Global Oneness Project

Marker California, USA
The Global Oneness Project brings the world's global cultures alive in the classroom. They provide award-winning films and photo essays which explore cultural, social, and environmental issues and accompanying lesson plans using stories as a pedagogical tool to inspire growing minds. All for free.

What is the Global Oneness Project?

Cleary Vaughan-Lee
“We believe that stories play a powerful role in education.”

Cleary Vaughan-Lee, Executive Director

In an increasingly globalized world, we need to find new ways to understand each other and to inspire a global perspective, so that communities everywhere can work together to find peaceful, innovative solutions to challenging and new situations.

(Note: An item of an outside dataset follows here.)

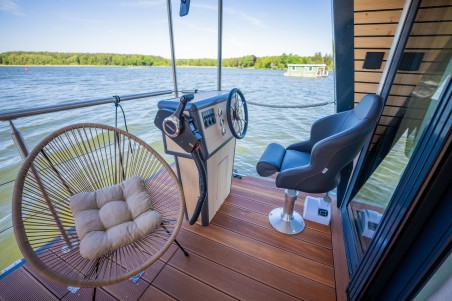 Woma Woma D13 Elements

Learners should have opportunities to further their understanding of interconnectedness, empathy and global issues so that they are prepared for the globalized world they live in, which in turn will inspire a future generation of responsible, compassionate citizens.

The Global Oneness Project believes that stories play a powerful role in education. Founded in 2006, the Project is committed to the exploration of cultural, environmental, and social issues. They house a rich library of free multimedia stories comprised of award-winning films, photo essays, and articles, which are accompanied by a companion curriculum for educators.

The Global Oneness Project aims to connect students through stories from the local human experience to global meta-level issues, such as: climate change, water scarcity, food insecurity, poverty, endangered cultures, migration, and sustainability, among others. Through featuring individuals and communities impacted by these issues, their stories and lessons provide opportunities to examine universal themes that emphasize our common humanity—identity, diversity, hope, resilience, imagination, adversity, empathy, love, and responsibility. The curriculum, available in both English and Spanish, contains an interdisciplinary approach to learning and facilitates the development of students’ critical thinking, inquiry, empathy, and listening skills.


The Global Oneness Project’s website is designed for educators to explore and search for content in a variety of ways: media type, course subjects, U.S. national standards, and via curated collections. 

The resources are intended for whole class instruction. Teachers are using the stories and lessons as extensions to their core curriculum. The Project’s resources can be integrated into a wide range of courses including anthropology, English language arts, environmental science, history, media and journalism, and the arts.

For example, a high school environmental science teacher’s core curriculum focuses on local geography, the qualities of environmental citizenship, and healthy watersheds. He used the photo essay “Kara Women Speak” and the companion lesson plan “On the Verge of Displacement” in his classroom to get a global perspective and learn how an indigenous community is finding their self-sustaining ways of life at risk due to the development of a hydropower dam in Southwestern Ethiopia.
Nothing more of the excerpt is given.